Ulusoy’un son saptamasını da paylaşarak, yazının bu bölümüne noktayı koyalım:
“Cumhuriyet, bir medeniyet projesiydi. Ancak, alt yapıyı dönüştürmeden, üst yapıya (kültür ve siyaset) müdahale edilerek toplum değiştirilmeye çalışıldı. Bundan da tam olarak başarı sağlanamadı. Mesela, laiklik ve bölücülük gibi iki sorun çözülemedi. Çünkü Cumhuriyet, seküler toplum ve laik toplumla, ulus devlet inşa etmeye çalıştı. Bunda da tam olarak başarılı olamadığı için, laiklik ve milli devlet sorunu bugüne kadar uzandı.”
Metin Çelik odasını topladı, genelge kafa karıştırıyor
CHP Bursa örgütlerinde onlarca isim istifaya hazırlanıyor.
İl başkanı, il ve ilçe başkanları, il ve ilçe yöneticileri…
Nitekim 25 Aralık 2014 son gün.
İstifa etmeye hazırlananlar arasında odasını toplayanlar da var.
İl Başkanı Metin Çelik, dün sessiz, sedasız odasını topladı ve bir bakıma vedasını yaptı.
30 kişilik il yönetiminden 6 ismin istifa etmesi bekleniyor.
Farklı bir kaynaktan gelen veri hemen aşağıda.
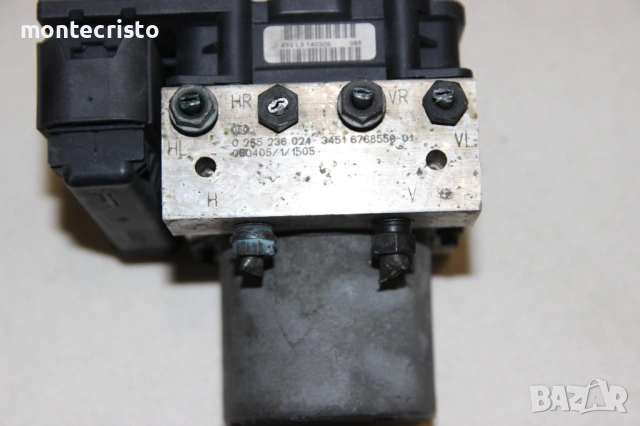 АBS модул BMW E60 E61 / 3451677574601 / 3451 6775746-01 / 0265236024 / 0265950668 / 3451676855001, снимка 6 - Части - 53415804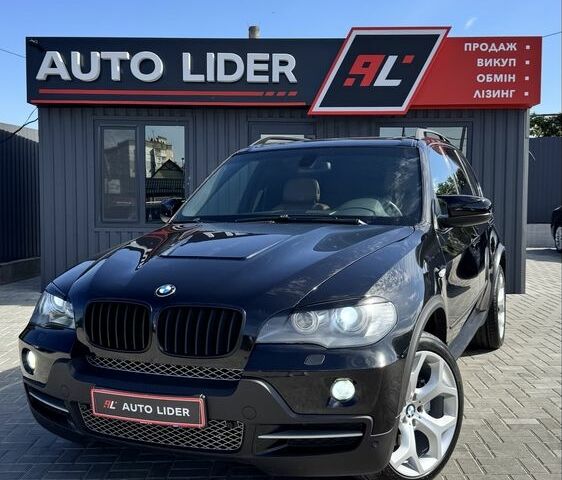 Чорний БМВ Х5, об'ємом двигуна 3 л та пробігом 272 тис. км за 14500 $, фото 1 на Automoto.ua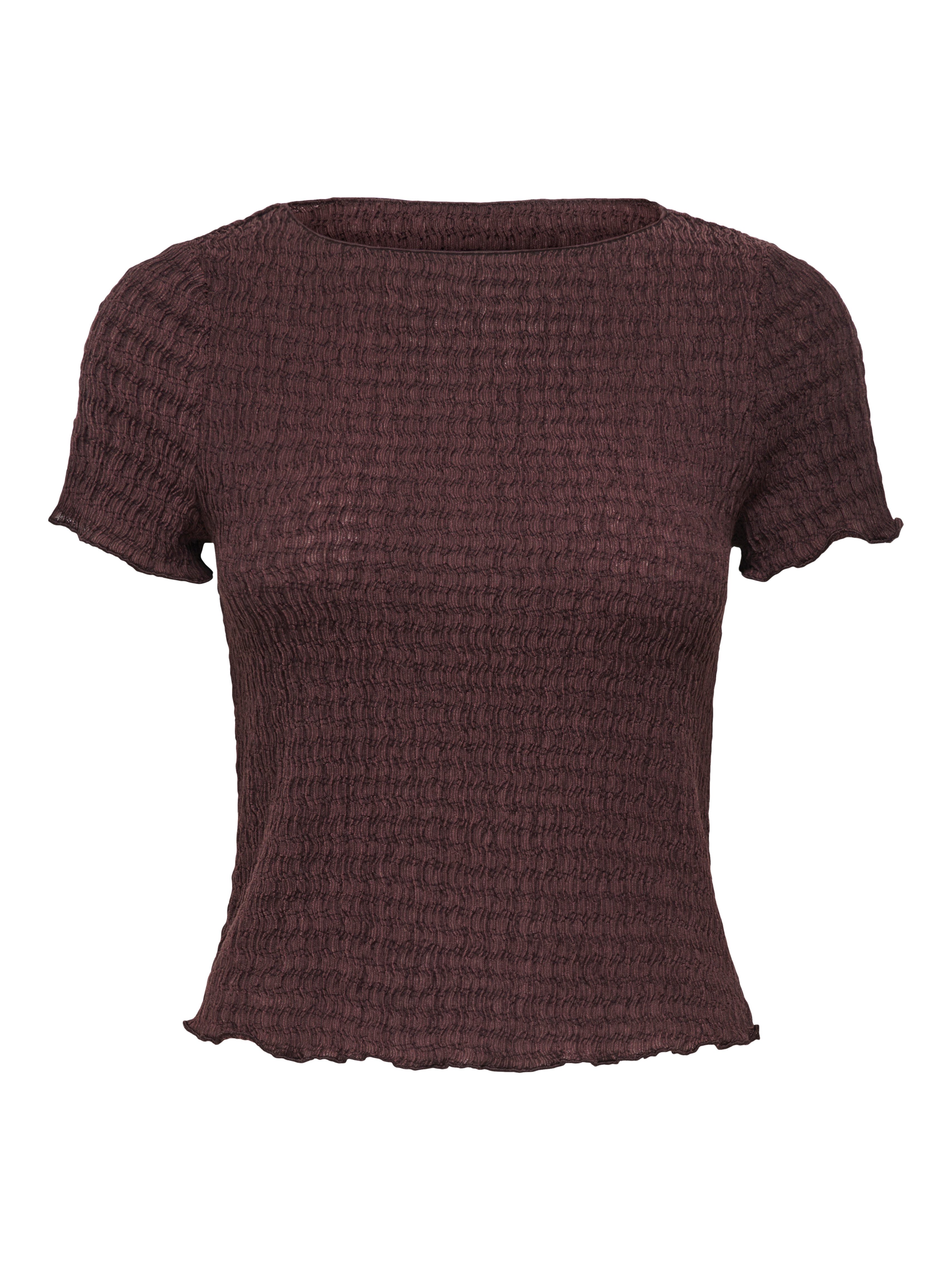 Kurzarmshirt ONLILSE S/S TOP STRUCTURE JRS NOOS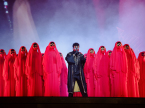 The Weeknd Live Concert Photos 2025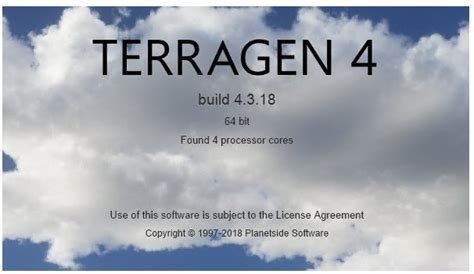 Terragen Professional 4.8.23 Installer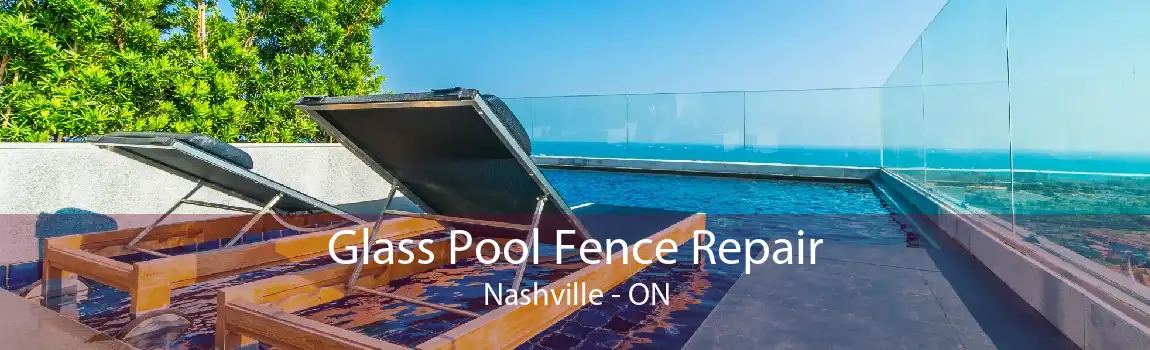 Glass Pool Fence Repair Nashville - ON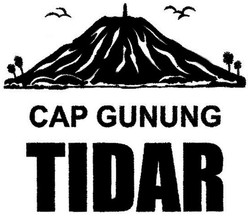 Trademark CAP GUNUNG TIDAR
Ancak tam da bu noktada Genel Merkez’in genelgesi kafa karıştırıcı cinsten.
Nitekim genelgede, istifa eden il başkanı için atama yapılmaması, görevinden ayrılan yöneticilerin yerine yedeklerin görev almaması gibi maddeler var.
Eğer genelgede bir yanlışlık yapılmamışsa veya yeni bir genelge gelmeyecekse, bu durum örgütlerin boşalmasına neden olacak.
CHP‘de soru işareti olan bir diğer konuysa aday adayı sayısı…
Bu seçimde, aday adayı sayısında ciddi bir artış olacağı öngörülüyor.
Ancak, adayların Genel Merkez yoklamasıyla mı yoksa ön seçimle belirleneceği sorusu, sayıyı etkileyecektir kuşkusuz.